Jun 28 '22 09:06 younesbelkada

Nice, thanks for working on it @younesbelkada! Also quite interested in the feature. I'd be particularly interested in seeing a bit of documentation so that we may understand better how it works under the hood and how to use the feature to its best.

Thanks!

Jun 28 '22 12:06 LysandreJik

Hi all! Just to summarise a bit about what is happening and the solution we came up to implement this! In the previous version, we found out 2 major bugs: 1- the function set_module_tensor_to_device seems to overwrite the Int8Params modules by nn.Parameter modules. 2- init_empty_weights seems also to replace the Int8Params modules by nn.Parameter modules.

I see two solutions to this 1- Open a PR in accelerate to support the correct overwriting into Int8Params class as the following: https://github.com/huggingface/accelerate/compare/main...TimDettmers:accelerate:integration_8bit - only 2 functions are modified and should not break backward compatibility but I am not sure 2- Manually redefine the functions set_module_tensor_to_device and init_empty_weightsas two new function set_module_8bit_tensor_to_device and init_8bit_empty_weights as proposed in this PR.

I personally found the option 1 cleaner but the option 2 might be safer for accelerate - Let us know what do you think ! cc @LysandreJik @sgugger @TimDettmers

Jul 12 '22 09:07 younesbelkada

Thank you very much for your comments! has_fp16_weights comes from the class bnb.Int8Params that is currently being developed in a WIP branch that should be merged soon on the main branch of bitsandbytes. Basically the logic behind it is that if the module contain this attribute then it has to be a bnb.Int8Params module. I will refactor the code with your proposed changes and ask for a second batch of review 🚀

Jul 12 '22 13:07 younesbelkada

I think before merging we need:

[x] Memory footprint benchmarking
[x] Infrence speed benchmarking
[x] lm-eval benchmarking for large models (it has been done for small models)
[x] Merging the WIP branch of bitsandbytes into main

Jul 13 '22 16:07 younesbelkada

Added another PR to support int8 quantization + accelerate on multi-GPU setup here: https://github.com/huggingface/accelerate/pull/539 !

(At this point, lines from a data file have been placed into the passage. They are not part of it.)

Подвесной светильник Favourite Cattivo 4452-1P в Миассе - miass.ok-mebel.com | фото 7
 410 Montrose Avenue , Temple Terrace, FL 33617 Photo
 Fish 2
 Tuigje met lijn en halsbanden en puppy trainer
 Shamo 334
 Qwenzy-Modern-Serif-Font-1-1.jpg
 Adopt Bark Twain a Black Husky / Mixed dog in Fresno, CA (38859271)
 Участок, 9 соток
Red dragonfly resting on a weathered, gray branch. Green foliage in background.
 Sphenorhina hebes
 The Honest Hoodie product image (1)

Jul 20 '22 11:07 younesbelkada

Thanks @sgugger for your review ! Fixed the suggestions ;) I think that we are good to go to merge https://github.com/huggingface/accelerate/pull/539 if you don't mind 🙏 I just need to wait the release of bitsandbytes to be more stable (facing some issues when installing the library but should be fixed very soon, I am syncing with @TimDettmers). Once this is fixed I think that we should be good to go for merging 🚀

Jul 27 '22 09:07 younesbelkada

Merged the PR in Accelerate! Don't forget to add some documentation and also setup some tests for this so it doesn't get broken by future PRs :-)

Jul 27 '22 11:07 sgugger

TODOs:

[x] Have a working colab demo for inference
[x] Add more documentation
[x] Implement tests

Jul 28 '22 12:07 younesbelkada

Before moving forward, I would like to have a comment from @michaelbenayoun @mfuntowicz and @echarlaix

About this PR

We replace all the nn.Linear modules by the bnb.Linear8bitLt modules from the recent release of bitsandbytes that proposes a new post-training quantization technique for 0 performance degradation on large-scale models (>1b parameters). With that we have managed to fit BLOOM-176B on 3xA100 80GB instead of 6xA100 GB with no performance degradation.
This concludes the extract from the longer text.